3

I am trying to use findall to select on some xml elements, but i can't get any results.

import xml.etree.ElementTree as ET
import sys

storefront = sys.argv[1]

xmlFileName = 'promotions{0}.xml'

xmlFile = xmlFileName.format(storefront)

csvFileName = 'hrz{0}.csv'
csvFile = csvFileName.format(storefront)
ET.register_namespace('', "http://www.demandware.com/xml/impex/promotion/2008-01-31")
tree = ET.parse(xmlFile)

root = tree.getroot()
print('------------------Generate test-------------\n')



csv = open(csvFile,'w')
n = 0
for child in root.findall('campaign'):
    print(child.attrib['campaign-id'])
    print(n)
    n+=1

The XML looks something like this:

  <?xml version="1.0" encoding="UTF-8"?>
<promotions xmlns="http://www.demandware.com/xml/impex/promotion/2008-01-31">
    <campaign campaign-id="10off-310781">
        <enabled-flag>true</enabled-flag>
        <campaign-scope>
            <applicable-online/>
        </campaign-scope>
        <customer-groups match-mode="any">
            <customer-group group-id="Everyone"/>
        </customer-groups>
    </campaign>

    <campaign campaign-id="MNT-deals">
        <enabled-flag>true</enabled-flag>
        <campaign-scope>
            <applicable-online/>
        </campaign-scope>
        <start-date>2017-07-03T22:00:00.000Z</start-date>
        <end-date>2017-07-31T22:00:00.000Z</end-date>
        <customer-groups match-mode="any">
            <customer-group group-id="Everyone"/>
        </customer-groups>
    </campaign>

    <campaign campaign-id="black-friday">
        <enabled-flag>true</enabled-flag>
        <campaign-scope>
            <applicable-online/>
        </campaign-scope>
        <start-date>2017-11-23T23:00:00.000Z</start-date>
        <end-date>2017-11-24T23:00:00.000Z</end-date>
        <customer-groups match-mode="any">
            <customer-group group-id="Everyone"/>
        </customer-groups>
        <custom-attributes>
            <custom-attribute attribute-id="expires_date">2017-11-29</custom-attribute>
        </custom-attributes>
    </campaign>

    <promotion-campaign-assignment promotion-id="winter17-new-bubble" campaign-id="winter17-new-bubble">
        <qualifiers match-mode="any">
            <customer-groups/>
            <source-codes/>
            <coupons/>
        </qualifiers>
        <rank>100</rank>
    </promotion-campaign-assignment>

    <promotion-campaign-assignment promotion-id="xmas" campaign-id="xmas">
        <qualifiers match-mode="any">
            <customer-groups/>
            <source-codes/>
            <coupons/>
        </qualifiers>
    </promotion-campaign-assignment>

</promotions>

Any ideas what i am doing wrong?
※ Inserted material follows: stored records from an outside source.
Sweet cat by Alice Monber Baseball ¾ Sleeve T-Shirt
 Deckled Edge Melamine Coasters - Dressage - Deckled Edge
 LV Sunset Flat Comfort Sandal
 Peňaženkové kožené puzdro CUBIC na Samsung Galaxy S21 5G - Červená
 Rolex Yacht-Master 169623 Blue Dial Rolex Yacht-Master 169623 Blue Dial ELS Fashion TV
I have tried different solutions that i found on stackoverflow but nothing seems to work for me(from the things i have tried). The list is empty. Sorry if it is something very obvious i am new to python.

Cosmin_Victor
  • 154
  • 1
  • 13
  • Possible duplicate of [ElementTree findall() returning empty list](https://stackoverflow.com/questions/9112121/elementtree-findall-returning-empty-list) – James Nov 16 '17 at 19:45
  • I tried something like 'for child in root.findall('.//campaign'):' No results @James – Cosmin_Victor Nov 16 '17 at 19:48
  • Possible duplicate of [Parsing XML with namespace in Python via 'ElementTree'](https://stackoverflow.com/questions/14853243/parsing-xml-with-namespace-in-python-via-elementtree) – styvane Nov 16 '17 at 19:48
  • Tried something like namespaces = {'':'http://www.demandware.com/xml/impex/promotion/2008-01-31'} for child in root.findall('campaign',namespaces): @sstyvane – Cosmin_Victor Nov 16 '17 at 19:54
  • The best solution i have at the moment is to manually delete the default namespace from the xml file.This seems to be the most easy way if you can manually edit the file.If Anyone has better approach would be great. – Cosmin_Victor Nov 16 '17 at 20:06

1 Answers1

3

As mentioned here by @MartijnPieters, etree's .findall uses the namespaces argument while the .register_namespace() is used for xml output of the tree. Therefore, consider mapping the default namespace with an explicit prefix. Below uses doc but can even be cosmin.

Additionally, consider with and enumerate() even the csv module as better handlers for your print and CSV outputs.

import csv
...

root = tree.getroot()
print('------------------Generate test-------------\n')

with open(csvFile, 'w') as f:
    c = csv.writer(f, lineterminator='\n')

    for n, child in enumerate(root.findall('doc:campaign', namespaces={'doc':'http://www.demandware.com/xml/impex/promotion/2008-01-31'})):
        print(child.attrib['campaign-id'])
        print(n)
        c.writerow([child.attrib['campaign-id']])

# ------------------Generate test-------------

# 10off-310781
# 0
# MNT-deals
# 1
# black-friday
# 2
Parfait
  • 104,375
  • 17
  • 94
  • 125